Ma il vero punto di forza di Sinner, come ha detto anche lui stesso, è quella mentalità di ferro che ha fatto scomodare similitudini con Djokovic o con Borg, la sua capacità di non lasciarsi sopraffare dalle emozioni, di non arrendersi mai e di giocare al meglio i punti importanti. Tutte doti emotive tipiche dei migliori. Quando riuscirà ad entrare meglio nel match (gli capita sovente di metterci un po’ ad uscire dai blocchi) e a ridurre al minimo quei passaggi a vuoto che ancora gli complicano incontri che potrebbe stravincere, diventerà davvero uno dei pochissimi disumani del circuito.

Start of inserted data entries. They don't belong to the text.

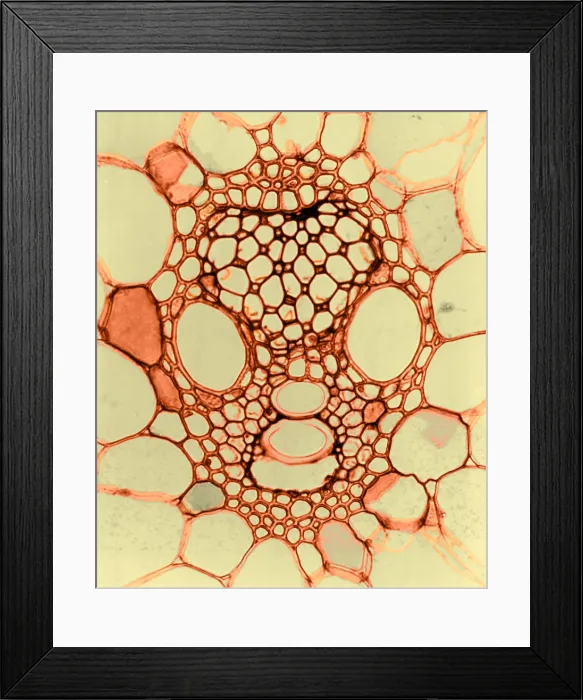 Framed Print : Corn Stem, light micrograph Framed Print : Corn Stem, light micrograph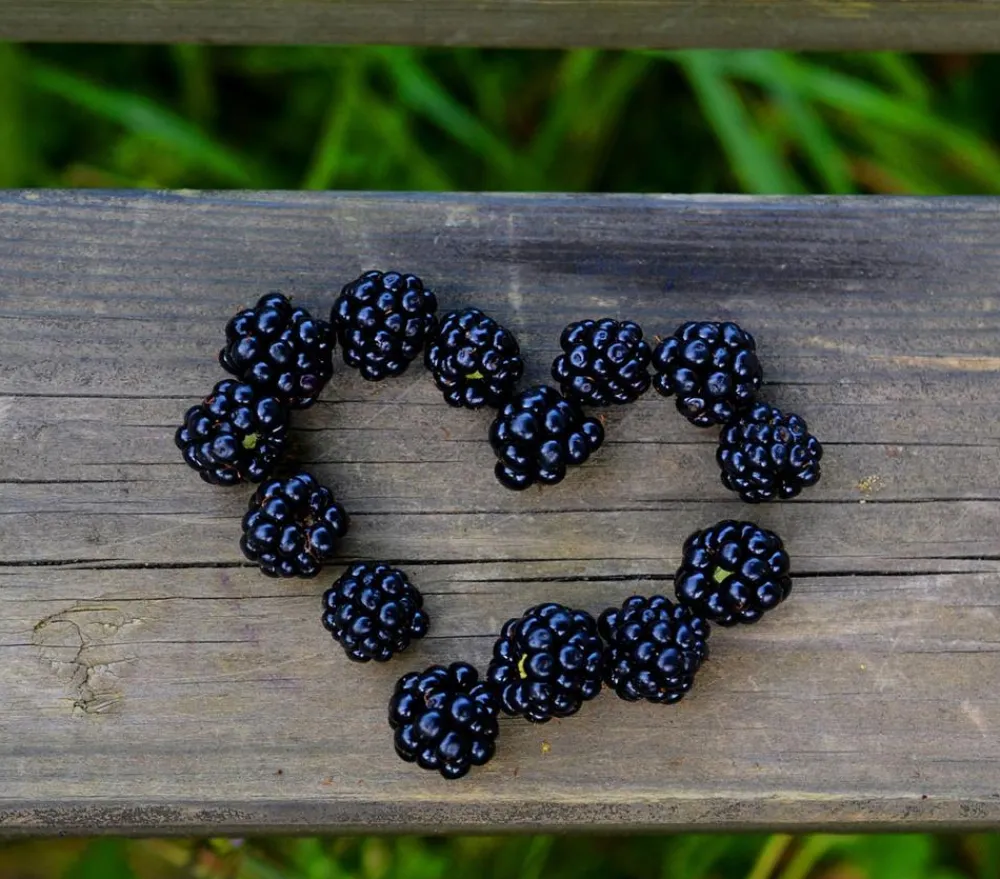 Dehner Himbeeren & Brombeeren|Beerensträucher > Brombeere 'Reuben'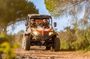Buggy tour experience in Algarve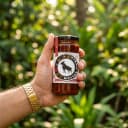 Hand holding Andhra Store Mutton Pickle jar outdoors — authentic homemade pickle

Sinner ha anche toccato con mano l’esplosione di una sorta di Sinnermania, con dirette, interviste, servizi, curiosità sul suo conto. E ha dimostrato di saper reggere l’urto. Poco più di un mese fa, i giornali hanno parlato della sua love story con la modella Maria Braccini. Come se fosse la cosa più naturale da dire, ha confermato il suo fidanzamento e, a chi ha insinuato che l’amore gli avrebbe guastato la forma, ha risposto a parole – per lui il tennis è la priorità – e con i fatti, giocando un super torneo a Dubai e poi centrando l’exploit di Miami. Per tutte queste ragioni, per via di quelle impressioni e quei presentimenti difficili da spiegare, è inevitabile pensare che sì, Sinner è già ora il miglior tennista italiano di sempre. E che possa aspirare a essere dominante nel proprio sport come lo sono stati Alberto Tomba o Valentino Rossi in altri contesti, se proprio vogliamo continuare con gioco dei paragoni, un gioco odioso ma anche irresistibile.